■ **Your objective**
Beginning with the first line, please repeat the entries exactly and end on the line that contains "Emerald Cross Necklace".
(Source material begins)
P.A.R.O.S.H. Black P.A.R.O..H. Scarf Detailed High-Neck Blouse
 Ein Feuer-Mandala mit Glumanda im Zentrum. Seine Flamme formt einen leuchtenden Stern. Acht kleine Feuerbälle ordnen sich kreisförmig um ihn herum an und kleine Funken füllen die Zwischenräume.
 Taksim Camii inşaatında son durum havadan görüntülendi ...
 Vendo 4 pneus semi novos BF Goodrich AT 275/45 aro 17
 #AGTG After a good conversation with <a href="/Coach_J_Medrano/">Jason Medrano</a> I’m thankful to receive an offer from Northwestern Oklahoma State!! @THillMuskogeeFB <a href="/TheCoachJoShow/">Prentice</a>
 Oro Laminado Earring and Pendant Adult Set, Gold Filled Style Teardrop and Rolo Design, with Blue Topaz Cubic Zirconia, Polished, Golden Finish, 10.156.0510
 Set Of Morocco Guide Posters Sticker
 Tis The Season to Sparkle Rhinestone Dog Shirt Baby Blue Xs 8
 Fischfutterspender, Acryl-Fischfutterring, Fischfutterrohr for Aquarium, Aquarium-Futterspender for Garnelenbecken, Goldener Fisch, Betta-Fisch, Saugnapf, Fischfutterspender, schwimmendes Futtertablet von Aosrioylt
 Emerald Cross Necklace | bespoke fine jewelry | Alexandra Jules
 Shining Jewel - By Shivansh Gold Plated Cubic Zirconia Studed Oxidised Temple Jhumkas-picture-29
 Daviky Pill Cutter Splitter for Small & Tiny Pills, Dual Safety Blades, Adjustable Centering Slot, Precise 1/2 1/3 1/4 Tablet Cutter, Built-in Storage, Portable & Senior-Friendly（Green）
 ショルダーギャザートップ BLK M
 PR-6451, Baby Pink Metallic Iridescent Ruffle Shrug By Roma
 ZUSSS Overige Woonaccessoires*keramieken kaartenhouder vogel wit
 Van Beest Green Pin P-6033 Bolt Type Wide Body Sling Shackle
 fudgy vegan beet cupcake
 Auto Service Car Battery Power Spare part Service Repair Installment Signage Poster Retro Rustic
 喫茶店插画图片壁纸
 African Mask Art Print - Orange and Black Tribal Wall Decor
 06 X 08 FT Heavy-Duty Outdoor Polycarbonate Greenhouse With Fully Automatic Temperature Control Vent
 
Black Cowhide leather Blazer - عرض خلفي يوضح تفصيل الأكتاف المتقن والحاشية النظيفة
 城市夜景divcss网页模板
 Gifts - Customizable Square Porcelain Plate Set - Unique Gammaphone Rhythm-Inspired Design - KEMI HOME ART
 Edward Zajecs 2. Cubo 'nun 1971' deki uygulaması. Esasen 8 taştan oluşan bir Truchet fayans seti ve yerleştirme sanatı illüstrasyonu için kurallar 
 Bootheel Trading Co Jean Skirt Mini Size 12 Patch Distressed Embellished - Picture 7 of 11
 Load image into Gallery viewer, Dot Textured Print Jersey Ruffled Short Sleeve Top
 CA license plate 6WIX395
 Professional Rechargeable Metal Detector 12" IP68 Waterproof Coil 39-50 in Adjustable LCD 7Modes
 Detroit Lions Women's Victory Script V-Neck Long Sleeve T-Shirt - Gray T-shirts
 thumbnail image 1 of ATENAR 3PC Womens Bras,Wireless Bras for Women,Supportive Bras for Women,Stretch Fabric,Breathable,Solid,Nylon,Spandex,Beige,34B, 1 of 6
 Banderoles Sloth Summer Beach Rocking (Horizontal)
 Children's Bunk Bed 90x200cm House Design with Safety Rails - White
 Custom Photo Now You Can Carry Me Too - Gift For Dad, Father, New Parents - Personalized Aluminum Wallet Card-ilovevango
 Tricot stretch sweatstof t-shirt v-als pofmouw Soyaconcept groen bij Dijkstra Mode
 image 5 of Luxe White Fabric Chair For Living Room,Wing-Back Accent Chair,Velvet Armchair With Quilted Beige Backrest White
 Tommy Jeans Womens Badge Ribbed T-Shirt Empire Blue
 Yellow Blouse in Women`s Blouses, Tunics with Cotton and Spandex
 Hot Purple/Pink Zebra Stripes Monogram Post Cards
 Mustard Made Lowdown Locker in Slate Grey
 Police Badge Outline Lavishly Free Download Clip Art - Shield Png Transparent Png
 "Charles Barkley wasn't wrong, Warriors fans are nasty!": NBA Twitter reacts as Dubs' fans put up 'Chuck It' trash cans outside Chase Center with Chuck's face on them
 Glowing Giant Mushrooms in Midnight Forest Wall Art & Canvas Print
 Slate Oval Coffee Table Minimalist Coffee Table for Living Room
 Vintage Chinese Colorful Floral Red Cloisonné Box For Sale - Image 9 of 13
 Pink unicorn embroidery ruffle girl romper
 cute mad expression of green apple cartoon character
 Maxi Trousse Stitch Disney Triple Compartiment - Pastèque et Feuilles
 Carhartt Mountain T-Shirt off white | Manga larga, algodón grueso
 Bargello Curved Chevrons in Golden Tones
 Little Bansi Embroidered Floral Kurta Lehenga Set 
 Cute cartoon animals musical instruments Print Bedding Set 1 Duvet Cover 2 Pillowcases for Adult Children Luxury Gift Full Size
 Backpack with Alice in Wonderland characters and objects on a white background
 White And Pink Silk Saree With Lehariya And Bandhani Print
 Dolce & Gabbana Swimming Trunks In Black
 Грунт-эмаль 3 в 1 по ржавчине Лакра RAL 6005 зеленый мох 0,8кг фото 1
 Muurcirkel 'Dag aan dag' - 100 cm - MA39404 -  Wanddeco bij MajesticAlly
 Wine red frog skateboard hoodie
(Source material ends)
■ **Solution to the problem**
P.A.R.O.S.H. Black P.A.R.O..H. Scarf Detailed High-Neck Blouse
 Ein Feuer-Mandala mit Glumanda im Zentrum. Seine Flamme formt einen leuchtenden Stern. Acht kleine Feuerbälle ordnen sich kreisförmig um ihn herum an und kleine Funken füllen die Zwischenräume.
 Taksim Camii inşaatında son durum havadan görüntülendi ...
 Vendo 4 pneus semi novos BF Goodrich AT 275/45 aro 17
 #AGTG After a good conversation with <a href="/Coach_J_Medrano/">Jason Medrano</a> I’m thankful to receive an offer from Northwestern Oklahoma State!! @THillMuskogeeFB <a href="/TheCoachJoShow/">Prentice</a>
 Oro Laminado Earring and Pendant Adult Set, Gold Filled Style Teardrop and Rolo Design, with Blue Topaz Cubic Zirconia, Polished, Golden Finish, 10.156.0510
 Set Of Morocco Guide Posters Sticker
 Tis The Season to Sparkle Rhinestone Dog Shirt Baby Blue Xs 8
 Fischfutterspender, Acryl-Fischfutterring, Fischfutterrohr for Aquarium, Aquarium-Futterspender for Garnelenbecken, Goldener Fisch, Betta-Fisch, Saugnapf, Fischfutterspender, schwimmendes Futtertablet von Aosrioylt
 Emerald Cross Necklace | bespoke fine jewelry | Alexandra Jules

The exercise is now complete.